# Bedding pile-up



## Drasar (Aug 20, 2009)

My guys are taking most the aspen shavings I use for bedding and piling it up in one place in the cage and leaving bare spots on the floor of their cage...I tried making the bedding deeper but they still do it anyway...is there a reason they are doing this? I have both a little house and a tube with that nesting material in it and they go sleep in these alot too.. ??? The bare spots are probably bothering me alot more than them LOL


----------



## js6stone (Aug 7, 2009)

They think it's fun! Mine do it too. I woke up to a pile falling out of the bars. : I wish they wouldn't do it because then the pee and poo lands on the plastic and the cage starts smelling a lot faster.


----------



## begoodtoanimals (Dec 6, 2007)

Yep, that's what they do and why they are so unique and fun .
You can't make them do anything.


----------



## Drasar (Aug 20, 2009)

Yeah...they are worst than Kids, I keep telling them not to do it but they just look at me like they have no idea what I'm talking about LOL ;D 
Okay now for the question...I've heard/read put 1" of bedding in their home and I've heard 2"...what do you experienced Ratpeople say is best or are both right/wrong?...I want them to be Happy


----------



## maddy (Jul 27, 2009)

they are happy, that's why they move the bedding about
mine also do it


----------



## this_wallflower (Apr 19, 2009)

I put about 2 inches down in the babies but my older solo male did not seem to be a fan of the aspen and thus is back on fleece.


----------



## teresaisaacs (Jul 31, 2009)

my girls are on fleece with aspen in their potty... they love rooting around in it and hiding their food in it (as well as peeing and pooping all over it!) eew!


----------



## ChloeLouise (Apr 5, 2009)

Mine used to do this.

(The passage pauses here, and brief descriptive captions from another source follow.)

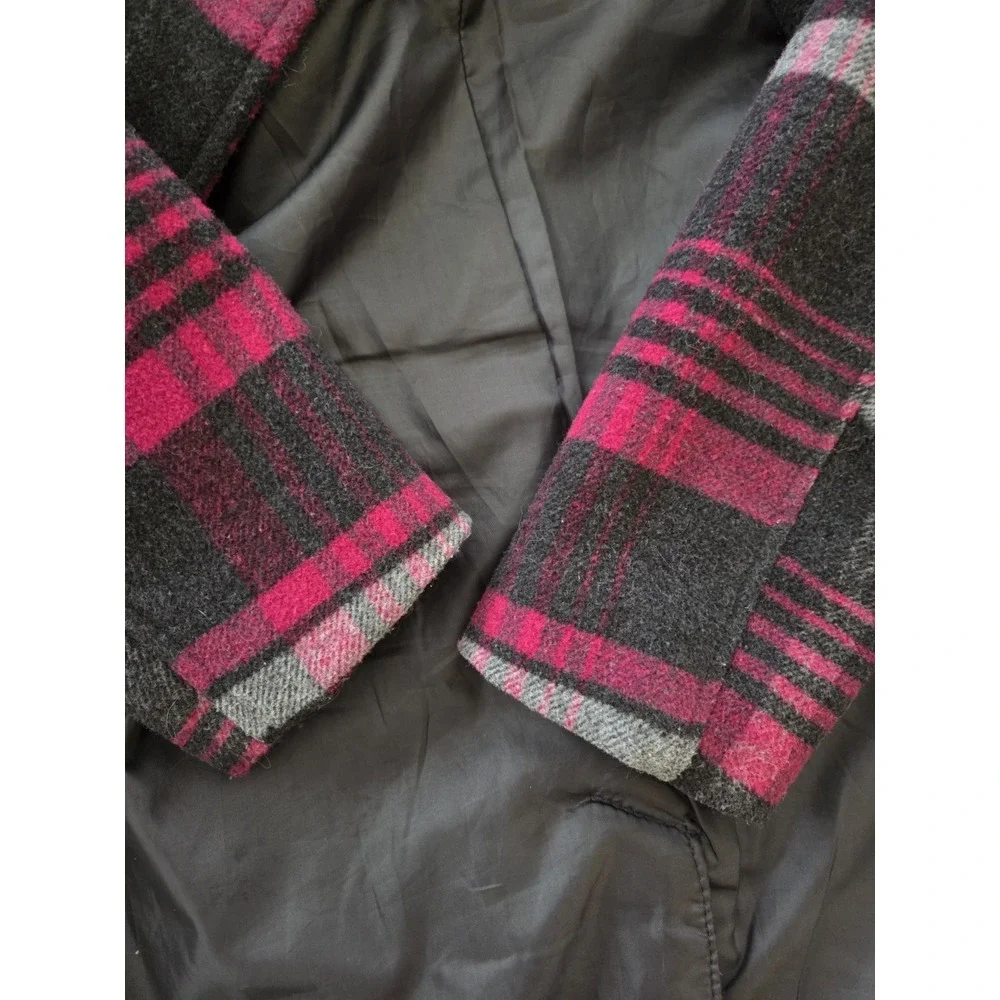 Rothschild Peacoat Plaid‎ 14/16 Black And Pink Double Breasted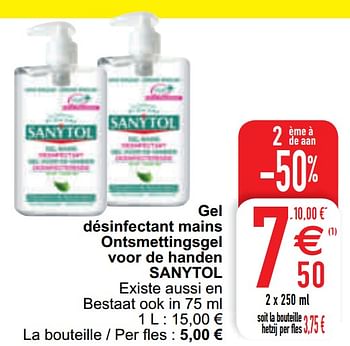 Promotions Gel désinfectant mains ontsmettingsgel voor de handen sanytol - Sanytol - Valide de 13/04/2021 à 19/04/2021 chez Cora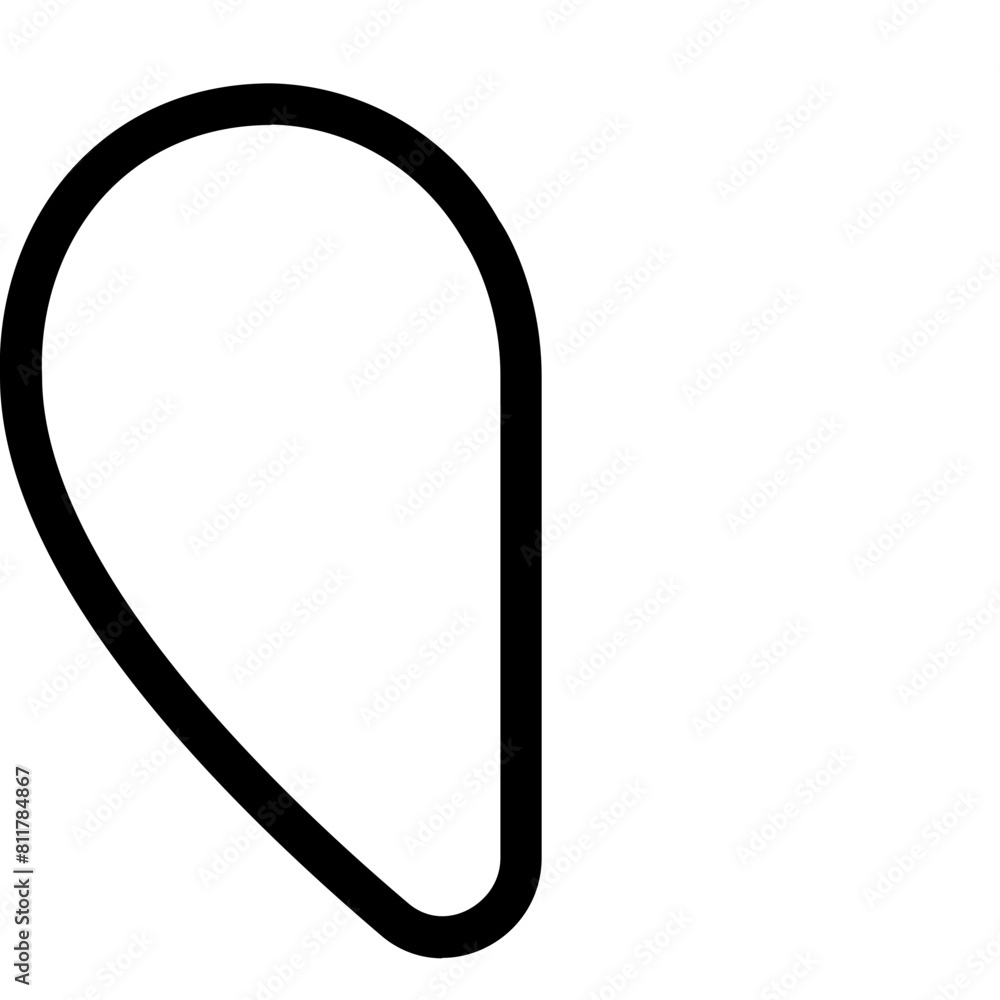 heart half icon flat vector heart half icon flat vector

Now I distract them with toilet paper and paper towels. They like it so much more cause they can shred it!


----------



## shinzo-chan (Apr 2, 2008)

Heh, mine do that too. I like their cage to look as clean and tidy as possible, espespecially after I spent 2 hours cleaning the **** thing, but hey, you cant make them do anything lol. You just have to live with it like the rest of us ratty worshipers =P


----------



## Shaun (Sep 9, 2009)

Haha mine did this, and I found it pretty odd. Just random patches in the cage, where its the bottom of the cage =S


----------



## Stace87 (Jun 24, 2008)

One of mine does that, but to bury food.


----------



## xxzz6760 (May 1, 2009)

My crazy boy loves to kick the bedding out of the cage with his back feet, or even climb up the sides of the cage with some of it in his hands so he can drop it from the top of the cage. Rats are just crazy like that!  I think they just like to aggravate.


----------



## begoodtoanimals (Dec 6, 2007)

Another variation: I have aspen in their litter box. Well, one had draped a piece of cloth over it and now she a new cozy sleeping place.


----------



## Drasar (Aug 20, 2009)

When I first got my guys they were...interesting, then facinating...then amazing  and now I absolutly love them... ;D


----------